Saturday, July 21, 2018

#202 / Just Spell My Name Right

Pictured is "Big Tim" Sullivan, a New York City, Tammany Hall politician. Here is a brief biography from Wikipedia

Timothy Daniel Sullivan (July 23, 1862 – August 31, 1913) was a New York politician who controlled Manhattan's Bowery and Lower East Side districts as a prominent leader within Tammany Hall. He was euphemistically known as "Dry Dollar," as the "Big Feller," and, later, as "Big Tim" (because of his physical stature). He amassed a large fortune as a businessman running vaudeville and legitimate theaters, as well as nickelodeons, race tracks and athletic clubs. Sullivan in 1911 pushed through the legislature the Sullivan Act, an early gun control measure. He was a strong supporter of organized labor and women's suffrage. The newspapers depicted Big Tim as the spider in the center of the web, overstating his criminal activities and his control over gambling in the city. Welch says that, "assigning the role of vice lord to Sullivan gave Tammany's enemies a weapon to be wielded in every municipal election between 1886 and 1912.

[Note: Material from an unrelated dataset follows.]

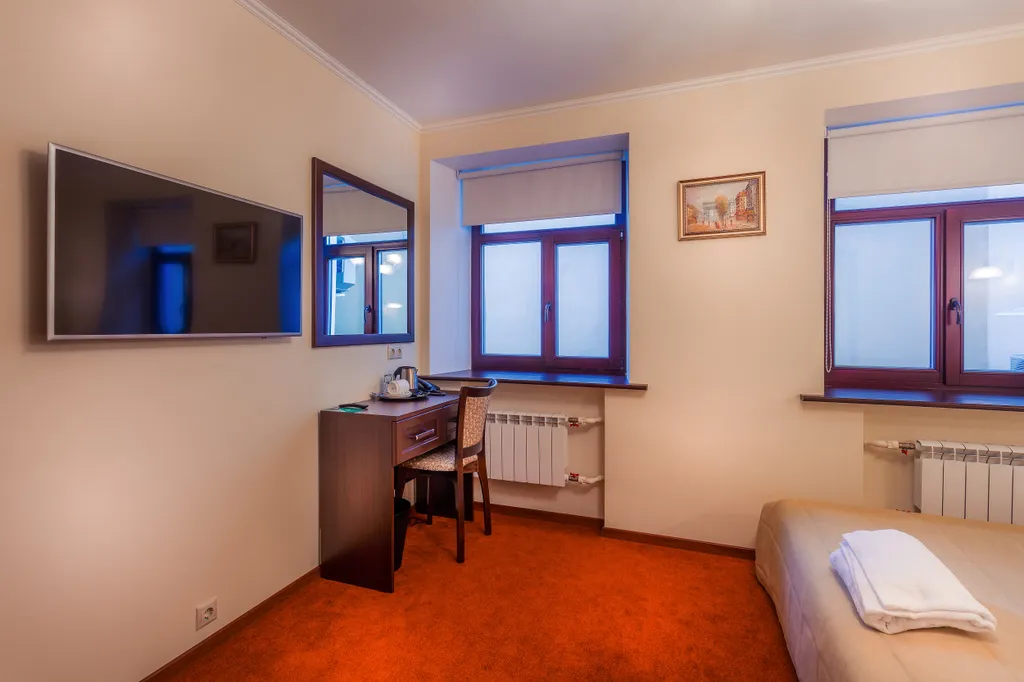 Номер повышенной комфортности с кроватью кинг-сайз и джакузи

Sullivan may also have been the person who first proclaimed, "I don't care what the newspapers say about me as long as they spell my name right." However, this attribution to Sullivan is not really clear. The honor might go, instead, to P.T. BarnumClick on this link to see a discussion about who said it first.

If you are interested enough in "Big Tim," you can click right here to find out more about the "gun control" legislation that Sullivan authored. According to the account that accompanied the picture featured at the top of this blog posting, the famous "Sullivan Act" was designed to take guns away from law-abiding citizens, while preserving the ability of gangs and mobsters to maintain their guns, all the better to terrorize the citizenry. 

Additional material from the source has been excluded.